Wednesday, July 16, 2008

This is satire:



Unfortunately, when Obama is President, we'll be able drag this week's New Yorker cover out, tweak it a bit to show that the violent ideology flies under an intact, not burning, American flag, and it WILL work as satire. After all, obama, like Bush, doesn't seem to have any problem with using terror to try to subjugate a region to the fundamentalist tyranny of so-called American interests.

Comments:
Re: Nader & covering fire.

Right on, Bruce. As MLK would tell Ralph Abernathy, "Get on over there (with radical positions on issues) so you can give me some space to move." My problems aren't with Nader or Paul, they're with the 2-party system. If we had a Green Party in America, one that could hold congressional seats and which got public funding, it would be a political force.

As it is, votes can be drained away from one Corporate Party candidate, handing the victory to the other. If you ever meet GHWB in a club, it's a great idea to ask him about Ross Perot.

Paul, Barr and Nader could easily total in at 12-16% of the vote. Democrat operatives typically see Paul and Barr as hurting McCain, but I think on balance they hurt Obama more. All 3 are strict Constitutionalists, as am I, and that's why I'm so against Obama's FISA vote. He squandered a golden political moment when he didn't filibuster, and McCain didn't even show up at all.

I think it would be a very smart idea for Obama to offer to meet with Nader, and with Paul.
 
Difficult not to simply wallow in depression with the sure and certain knowledge that we've lost all forward progress, and in fact are pretty much back where we started in the late 19th century as far as labor and economic regulatory safeguards are concerned.
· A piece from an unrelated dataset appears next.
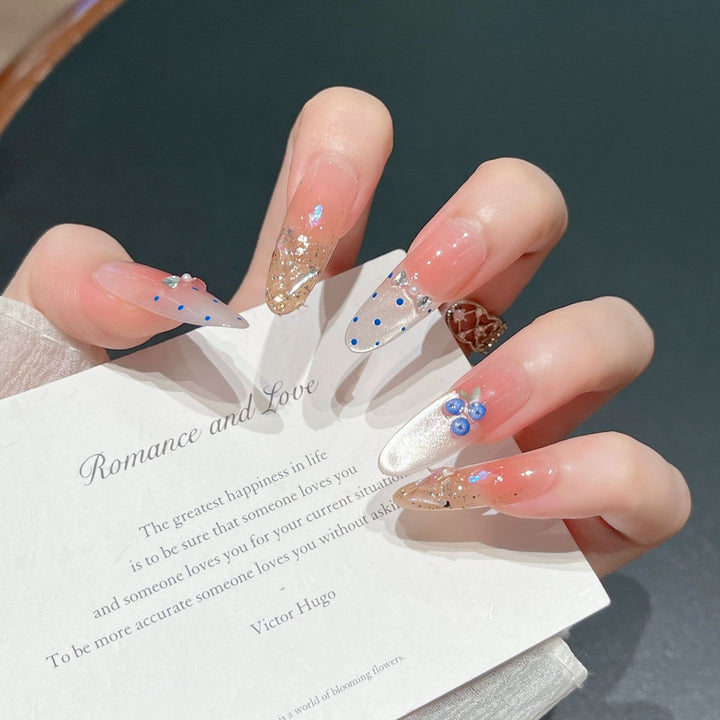 Dekoratives Glitzerndes Press-On Nagelkunstset Karnz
The aristocracy pushed back against organized resistance from the working and middle classes and they won. Sadly, I think not even Nader and certainly neither Paul nor Barr have an interest in encountering the problem of class struggle head-on.
 
frank,

for class restructuring to be revived in a meaningful way, we have to "bottom," and we're not past The Lifestyles of The Rich and Famous yet.
 
class struggle is the nub of it, isn't it? The "privatize the benefits, socialize the costs" approach" is a powerful destructive force with a great PR machine and a horde of zombies (and they don't admire you, Marc).
 
I think the system is breaking up. They, the elite, have overreached, and whether each of them loses all their power and wealth, or whether just most of them, the end result is likely to be less power for any of them.

On the other hand, that does not necessarily mean a gain for those in the lower classes; more like a shrinking of the level of disparity between the top and the bottom.

"It's the end of the world as we know it, and I feel fine." - REM
 
Leigh and I were quoting that just yesterday, Rick. Also another REM song, "the world is collapsing around our ears..."

May you live in interesting times...and have decent pop culture.
 
fp, comment from a fine post at Reconstitution:

“When economic power became concentrated in a few hands, then political power flowed to those possessors and away from the citizens, ultimately resulting in an oligarchy or tyranny.”